I have been on both sides of the this anguish. Sometimes Mrs. Curley and I feel we can find no compatriots in the Church - because our friends on one side are traditionalists who close their minds to anything that doesn't support the 1962 Missal; and on the other side we have those who say they embrace Vatican II - but in reality embrace a smoke screen of what has been sold as Vatican II but in reality is abusive experimentation, Modernist theories, lack of reverence, sliding morals, etc. But to our consolation, we do stand with our Holy Father Benedict XVI, recalling his words during his first homily as Pope:

"I too, as I start in the service that is proper to the Successor of Peter, wish to affirm with force my decided will to pursue the commitment to enact Vatican Council II, in the wake of my predecessors and in faithful continuity with the millennia-old tradition of the Church. Precisely this year is the 40th anniversary of the conclusion of this conciliar assembly (December 8, 1965). With the passing of time, the conciliar documents have not lost their timeliness; their teachings have shown themselves to be especially pertinent to the new exigencies of the Church and the present globalized society. " (italics added).
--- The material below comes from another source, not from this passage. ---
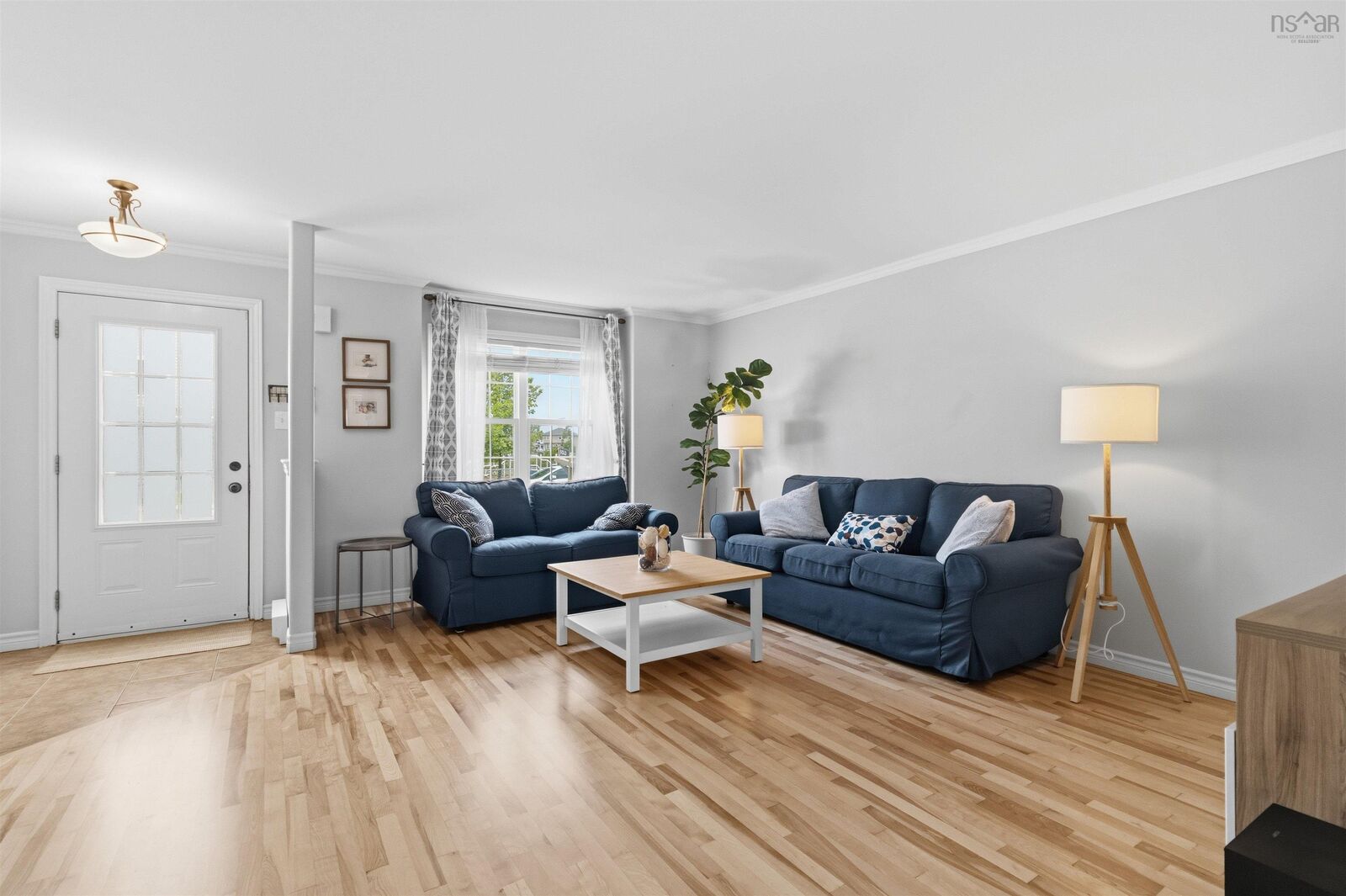 Property Photo: 202 Transom Drive NS B3M 4T7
From the small holding in Bethune...

Oremus pro invicem!

Monday, May 23, 2005

Yesterday I saw the future of the Church in America

Yesterday afternoon we had a covered dish (pot luck supper for non-Southerners) and May crowning of the Blessed Virgin with both the 'American' and the 'Hispanic' parishioners at our parish. Not too many of the 'Americans' showed up. The 'Hispanic' parishioners are mostly young families - with children. We don't see too many young families with children in our rural parishes.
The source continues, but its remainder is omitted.